DATA PROVIDED below:

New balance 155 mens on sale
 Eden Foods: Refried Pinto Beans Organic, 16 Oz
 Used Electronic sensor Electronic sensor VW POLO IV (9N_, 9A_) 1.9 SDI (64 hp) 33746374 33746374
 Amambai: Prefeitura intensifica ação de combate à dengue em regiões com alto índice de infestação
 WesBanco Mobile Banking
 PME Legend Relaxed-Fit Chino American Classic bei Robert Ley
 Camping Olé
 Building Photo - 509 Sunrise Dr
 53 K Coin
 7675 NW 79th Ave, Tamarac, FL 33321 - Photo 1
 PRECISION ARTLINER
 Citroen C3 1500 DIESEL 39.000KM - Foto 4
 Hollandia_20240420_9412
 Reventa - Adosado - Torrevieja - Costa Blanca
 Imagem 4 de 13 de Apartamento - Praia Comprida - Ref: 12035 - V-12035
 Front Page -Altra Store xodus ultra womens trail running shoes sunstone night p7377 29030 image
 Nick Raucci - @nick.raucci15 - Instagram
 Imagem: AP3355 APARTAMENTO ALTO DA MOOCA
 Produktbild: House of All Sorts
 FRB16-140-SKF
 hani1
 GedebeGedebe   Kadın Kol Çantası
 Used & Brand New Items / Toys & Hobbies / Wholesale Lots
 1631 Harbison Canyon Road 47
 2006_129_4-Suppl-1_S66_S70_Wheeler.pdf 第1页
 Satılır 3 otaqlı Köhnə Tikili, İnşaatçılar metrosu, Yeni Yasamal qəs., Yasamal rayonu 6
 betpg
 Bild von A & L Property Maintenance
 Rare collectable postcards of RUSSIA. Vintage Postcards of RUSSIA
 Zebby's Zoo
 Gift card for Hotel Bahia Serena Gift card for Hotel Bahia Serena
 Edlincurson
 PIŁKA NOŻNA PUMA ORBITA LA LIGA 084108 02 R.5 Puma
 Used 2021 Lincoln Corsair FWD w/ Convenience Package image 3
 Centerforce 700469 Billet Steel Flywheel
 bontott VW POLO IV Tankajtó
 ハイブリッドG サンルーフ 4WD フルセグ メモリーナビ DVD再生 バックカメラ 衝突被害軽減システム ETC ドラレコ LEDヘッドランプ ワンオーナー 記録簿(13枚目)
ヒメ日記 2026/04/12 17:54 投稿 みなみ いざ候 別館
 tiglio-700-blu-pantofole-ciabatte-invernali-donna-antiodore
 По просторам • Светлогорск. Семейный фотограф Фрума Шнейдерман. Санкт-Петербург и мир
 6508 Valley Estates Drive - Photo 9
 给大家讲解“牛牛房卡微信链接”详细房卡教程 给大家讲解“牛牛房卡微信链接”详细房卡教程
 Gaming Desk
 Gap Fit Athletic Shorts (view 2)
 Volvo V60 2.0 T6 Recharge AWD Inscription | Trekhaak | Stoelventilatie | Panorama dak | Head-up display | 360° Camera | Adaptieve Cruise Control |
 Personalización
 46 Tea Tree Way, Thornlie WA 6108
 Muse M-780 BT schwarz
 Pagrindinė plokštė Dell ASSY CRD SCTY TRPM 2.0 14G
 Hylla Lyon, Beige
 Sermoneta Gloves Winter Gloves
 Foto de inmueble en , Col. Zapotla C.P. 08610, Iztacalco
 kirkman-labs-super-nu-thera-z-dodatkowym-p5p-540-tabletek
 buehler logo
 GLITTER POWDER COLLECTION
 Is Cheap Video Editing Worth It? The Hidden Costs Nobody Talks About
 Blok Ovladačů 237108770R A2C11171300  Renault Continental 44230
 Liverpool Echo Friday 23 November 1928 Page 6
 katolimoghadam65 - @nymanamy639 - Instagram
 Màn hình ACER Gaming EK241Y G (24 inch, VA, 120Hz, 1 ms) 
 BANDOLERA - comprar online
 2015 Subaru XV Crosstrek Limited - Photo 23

End of DATA PROVIDED.

EXERCISE DIRECTIONS: All the entries above need to be repeated word for word.

THE ANSWER:
New balance 155 mens on sale
 Eden Foods: Refried Pinto Beans Organic, 16 Oz
 Used Electronic sensor Electronic sensor VW POLO IV (9N_, 9A_) 1.9 SDI (64 hp) 33746374 33746374
 Amambai: Prefeitura intensifica ação de combate à dengue em regiões com alto índice de infestação
 WesBanco Mobile Banking
 PME Legend Relaxed-Fit Chino American Classic bei Robert Ley
 Camping Olé
 Building Photo - 509 Sunrise Dr
 53 K Coin
 7675 NW 79th Ave, Tamarac, FL 33321 - Photo 1
 PRECISION ARTLINER
 Citroen C3 1500 DIESEL 39.000KM - Foto 4
 Hollandia_20240420_9412
 Reventa - Adosado - Torrevieja - Costa Blanca
 Imagem 4 de 13 de Apartamento - Praia Comprida - Ref: 12035 - V-12035
 Front Page -Altra Store xodus ultra womens trail running shoes sunstone night p7377 29030 image
 Nick Raucci - @nick.raucci15 - Instagram
 Imagem: AP3355 APARTAMENTO ALTO DA MOOCA
 Produktbild: House of All Sorts
 FRB16-140-SKF
 hani1
 GedebeGedebe   Kadın Kol Çantası
 Used & Brand New Items / Toys & Hobbies / Wholesale Lots
 1631 Harbison Canyon Road 47
 2006_129_4-Suppl-1_S66_S70_Wheeler.pdf 第1页
 Satılır 3 otaqlı Köhnə Tikili, İnşaatçılar metrosu, Yeni Yasamal qəs., Yasamal rayonu 6
 betpg
 Bild von A & L Property Maintenance
 Rare collectable postcards of RUSSIA. Vintage Postcards of RUSSIA
 Zebby's Zoo
 Gift card for Hotel Bahia Serena Gift card for Hotel Bahia Serena
 Edlincurson
 PIŁKA NOŻNA PUMA ORBITA LA LIGA 084108 02 R.5 Puma
 Used 2021 Lincoln Corsair FWD w/ Convenience Package image 3
 Centerforce 700469 Billet Steel Flywheel
 bontott VW POLO IV Tankajtó
 ハイブリッドG サンルーフ 4WD フルセグ メモリーナビ DVD再生 バックカメラ 衝突被害軽減システム ETC ドラレコ LEDヘッドランプ ワンオーナー 記録簿(13枚目)
ヒメ日記 2026/04/12 17:54 投稿 みなみ いざ候 別館
 tiglio-700-blu-pantofole-ciabatte-invernali-donna-antiodore
 По просторам • Светлогорск. Семейный фотограф Фрума Шнейдерман. Санкт-Петербург и мир
 6508 Valley Estates Drive - Photo 9
 给大家讲解“牛牛房卡微信链接”详细房卡教程 给大家讲解“牛牛房卡微信链接”详细房卡教程
 Gaming Desk
 Gap Fit Athletic Shorts (view 2)
 Volvo V60 2.0 T6 Recharge AWD Inscription | Trekhaak | Stoelventilatie | Panorama dak | Head-up display | 360° Camera | Adaptieve Cruise Control |
 Personalización
 46 Tea Tree Way, Thornlie WA 6108
 Muse M-780 BT schwarz
 Pagrindinė plokštė Dell ASSY CRD SCTY TRPM 2.0 14G
 Hylla Lyon, Beige
 Sermoneta Gloves Winter Gloves
 Foto de inmueble en , Col. Zapotla C.P. 08610, Iztacalco
 kirkman-labs-super-nu-thera-z-dodatkowym-p5p-540-tabletek
 buehler logo
 GLITTER POWDER COLLECTION
 Is Cheap Video Editing Worth It? The Hidden Costs Nobody Talks About
 Blok Ovladačů 237108770R A2C11171300  Renault Continental 44230
 Liverpool Echo Friday 23 November 1928 Page 6
 katolimoghadam65 - @nymanamy639 - Instagram
 Màn hình ACER Gaming EK241Y G (24 inch, VA, 120Hz, 1 ms) 
 BANDOLERA - comprar online
 2015 Subaru XV Crosstrek Limited - Photo 23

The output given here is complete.